Kindus has discussed the progress of the UK Online Safety Bill before in March 2023 and September 2022. The law is designed to protect vulnerable users, not just children, from exploitation on-line or exposure to harmful content. On 19th September 2023 the Bill finally became law but without conclusively resolving the conflict between privacy and protection. A late change was an amendment to remove animal cruelty activity from social media platforms. The debate between protecting vulnerable users and end to end encryption still stands unresolved.
Official UK guidance that just happens to coincide with publication of the bill stresses a noble stance in favour of child safety online. Facebook and Instagram are noted to be accounting for 85% of global referrals of child sexual abuse from tech companies. Under the new law social media platforms are now expected to:
- Remove illegal content quickly or prevent it from appearing in the first place, including content promoting self-harm.
- Prevent children from accessing harmful and age-inappropriate content.
- Enforce age limits and age-checking measures.

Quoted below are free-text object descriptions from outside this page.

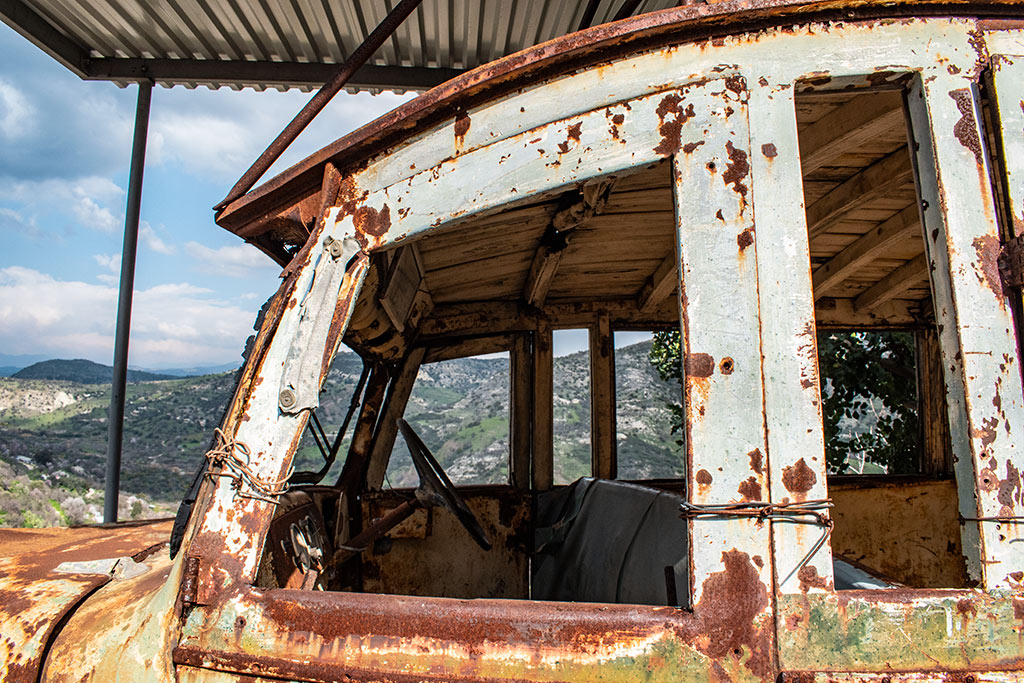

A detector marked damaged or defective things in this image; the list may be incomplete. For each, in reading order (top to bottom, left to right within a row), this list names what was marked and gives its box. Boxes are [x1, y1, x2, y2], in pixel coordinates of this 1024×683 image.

rust stain [950, 89, 983, 166]
rust stain [720, 140, 753, 198]
rust stain [970, 235, 1003, 299]
rusty hinge [999, 233, 1024, 290]
rusted metal panel [909, 61, 1024, 589]
rust stain [684, 352, 716, 378]
rust stain [782, 458, 815, 497]
rusted metal panel [0, 520, 172, 679]
rusted metal panel [774, 593, 1024, 671]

- Ensure the risks and dangers posed to children on the largest social media platforms are more transparent, to include publishing risk assessments.
- Provide parents and children with clear and accessible ways to report problems online when they do arise.

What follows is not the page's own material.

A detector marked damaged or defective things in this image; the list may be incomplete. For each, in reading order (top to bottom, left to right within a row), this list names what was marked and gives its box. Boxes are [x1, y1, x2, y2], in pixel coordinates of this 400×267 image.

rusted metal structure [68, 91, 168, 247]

Ofcom could impose fines of up to £18 million or 10% of global avenue revenue (whichever is the greatest) for non-compliance.
The UK government has specifically noted the existing methods used by Meta to provide safety online. These include AI detection of incidents, age verification, privacy and blocking features. The new legal responsibilities apply irrespective of the technologies in use; this includes services using E2EE (End To End Encryption). Meta still plan to roll out E2EE on its Messenger service before the end of 2023. Other providers including Signal are already using this technology.
The official UK stance is that technologies do exist to track data within E2EE, citing a study by Levy and Robinson. One example being client-side scanning of content before it is encrypted. This technology had been proposed by Apple but has was quietly dropped in 2021.
Ciaran Martin, former head of the UK’s National Cyber Security Centre published a paper in 2021 arguing that a compromise within E2EE was not possible. The problem was labelled as ‘cakeism’ (having your cake and eating it). How could E2EE provide strong security yet still allow that security to be broken when strictly necessary?
It appears that the UK has a law which although noble and improving protection for the vulnerable online will not be able to applied in all cases. The official word is that the government ‘where appropriate encourages firms to use their vast engineering and technical resources to develop solutions that work for their own platforms.’ It is usual for legislation to avoid any technical prescription of how they might be implemented. This allows some flexibility in how they might be implemented and prevents their being overtaken by changes in technology. At present the required technologies do not appear to exist but on a positive note waiting for an ideal solution has not postponed an important development in protecting individuals online.